Nachtrag: Urteil ist mittlerweile im Langtext veröffentlicht: https://sozialgerichtsbarkeit.de/sgb/esgb/show.php?modul=esgb&id=188092

Jobcenter und Sozialamt streiten sich, keiner bewilligt!

Dieser vor dem Sozialgericht Berlin verhandelte Fall ist unglaublich, aber wahr: Der Mandantin war zunächst durch das Jobcenter Hartz IV bewilligt worden. Als ihr dann eine geringe Altersrente durch die Deutsche Rentenversicherung in Höhe von lediglich 160,00 € rückwirkend bewilligt worden ist, hob das Jobcenter sofort die Leistungen auf, obwohl der Mandanten noch gar keine Rente ausgezahlt worden ist.

Das Jobcenter schickte die Mandantin zur Aufstockung der Rente zum Sozialamt. Das Sozialamt wiederum schickte die Mandantin zurück zum Jobcenter und wies darauf hin, dass das Jobcenter bis zur ersten Auszahlung der Rente verpflichtet ist, Hartz IV zu bewilligen und verwies insoweit auf interne Verwaltungsvorschriften beim Jobcenter.
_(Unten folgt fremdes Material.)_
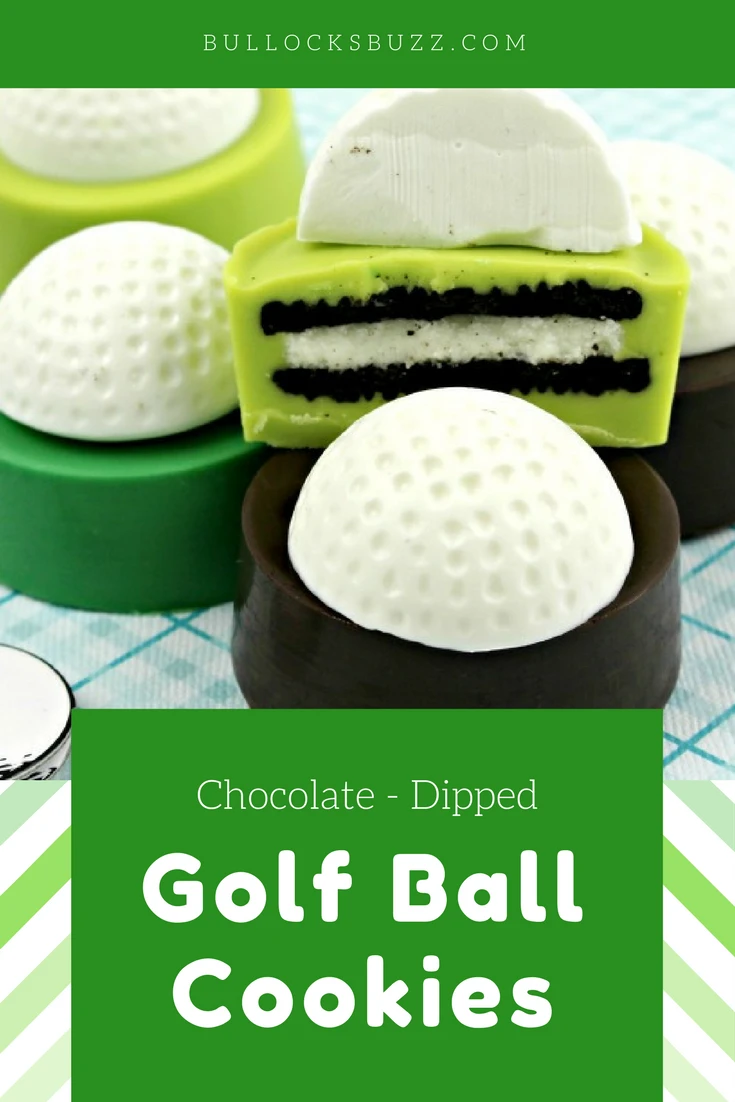Double-stuffed Oreos are dipped in colored candy melts then topped with white chocolate golf balls in this deliciously-cute Golf Ball Cookies recipe.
Obwohl die Mitarbeiter des Jobcenters an diese internen Verwaltungsvorschriften gebunden sind, schickte das Jobcenter die Mandantin wieder zum Sozialamt und wies darauf hin, dass nun doch das Sozialamt für die Mandantin zwecks Aufstockung ihrer geringen Rente zuständig sei.

Als die Mandantin ihren Rechtsanwalt daraufhin einschaltete, handelte dieser sogleich. Gegen die fehlerhafte Aufhebung des Hartz IV durch das Jobcenter erhob der Rechtsanwalt Widerspruch und beantragte zugleich die Durchführung eines einstweiligen Rechtsschutzverfahrens beim Sozialgericht Berlin. Auch noch im einstweiligen Rechtsschutzverfahren war das Jobcenter der Auffassung, richtig gehandelt zu haben. Erst das Sozialgericht Berlin gab der Frau Recht und erließ im einstweiligen Rechtsschutzverfahren einen stattgebenden Beschluss. Das Jobcenter hatte dann endlich die Erkenntnis gewonnen fehlerhaft gehandelt zu haben und gab im Nachgang auch dem Widerspruch statt.
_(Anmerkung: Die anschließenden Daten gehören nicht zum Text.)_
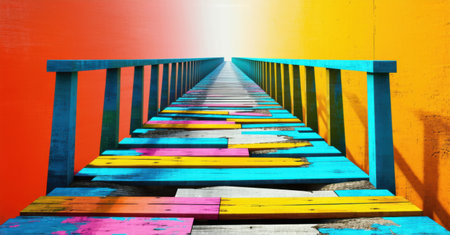 Bridge missing key planks symbolizes instability, risk, uncertainty, broken paths, challenges, danger, caution, transition, incompleteness, problem-solving, determination, journeyの素材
Doppelter Gehaltszufluss in einem Monat = 2 x Freibetrag bei der Einkommensanrechnung auf Hartz IV

Bei der bedarfsmindernden Berücksichtigung von Erwerbseinkommen auf die Höhe des Hartz IV Leistungssatzes ist grundsätzlich der Zufluss für die Anrechnung entscheidend. Wird also das Gehalt am 31.12.2014 ausgezahlt, so mindert es das Hartz IV für den Monat Dezember 2014. Soweit jedoch das Gehalt aus Dezember 2014 erst am 1.1.2015 ausgezahlt wird, so reduziert sich das Hartz IV erst im Januar 2015.
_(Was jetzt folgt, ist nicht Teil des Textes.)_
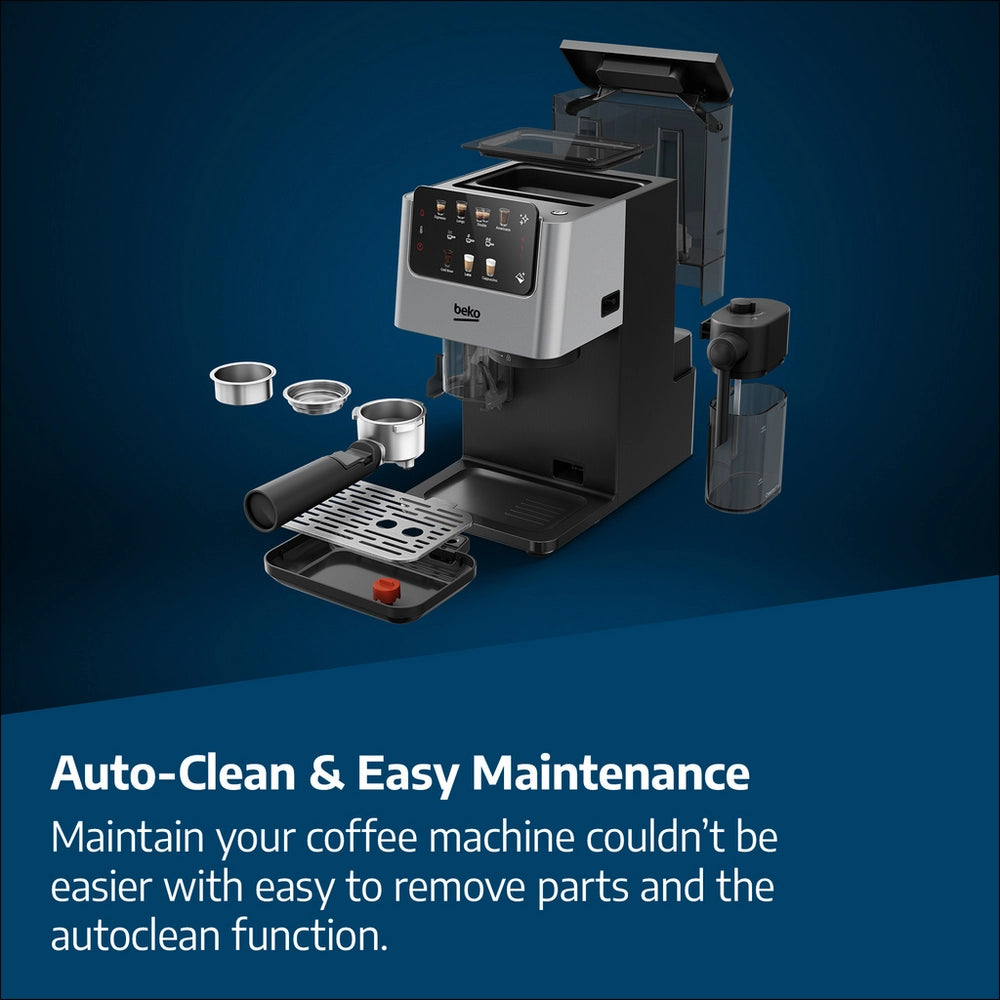 Beko CED7524X Espresso Machine with Integrated Grinder and Milk Cup - Silver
Dies hat in der Vergangenheit zu Streitigkeiten geführt in den Fällen, wenn der Arbeitgeber das im Dezember 2014 erarbeitete Gehalt erst am 1.1.2015 und dann das im Januar 2015 erarbeitete Gehalt bereits am 31.1.2015 ausgezahlt hat. In diesen Fällen lag ein doppelter Gehaltszufluss in einem Monat aus Gehältern vor, die in zwei unterschiedlichen Monaten erarbeitet worden sind. Konsequenterweise müssten dann auch 2 x die Freibeträge von den aus zwei Monaten erzielten Erwerbseinkommen abgesetzt werden. Genau diese Rechtsansicht hat nun das Bundessozialgericht Urteil vom 17.07.2014, Aktenzeichen B 14 AS 25/13 R, bestätigt.